• EXERCISE DESCRIPTION
Start with the first line of the material. Repeat each line exactly through the one that contains "Stair Handrail Bronze".

• MATERIAL FOR THE TASK
== Segment start ==

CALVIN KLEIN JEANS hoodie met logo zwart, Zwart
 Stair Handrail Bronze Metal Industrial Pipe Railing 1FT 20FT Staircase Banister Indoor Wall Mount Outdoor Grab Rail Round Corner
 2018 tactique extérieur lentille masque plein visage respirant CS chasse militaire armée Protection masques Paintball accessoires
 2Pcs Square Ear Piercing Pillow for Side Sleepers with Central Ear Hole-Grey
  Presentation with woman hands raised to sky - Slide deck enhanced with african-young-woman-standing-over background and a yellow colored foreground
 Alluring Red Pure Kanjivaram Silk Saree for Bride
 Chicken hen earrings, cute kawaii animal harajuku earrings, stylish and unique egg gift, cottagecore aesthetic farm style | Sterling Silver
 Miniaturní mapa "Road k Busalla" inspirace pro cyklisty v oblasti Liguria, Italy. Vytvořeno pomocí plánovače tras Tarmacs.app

== Segment end ==

• SOLUTION BELOW
CALVIN KLEIN JEANS hoodie met logo zwart, Zwart
 Stair Handrail Bronze Metal Industrial Pipe Railing 1FT 20FT Staircase Banister Indoor Wall Mount Outdoor Grab Rail Round Corner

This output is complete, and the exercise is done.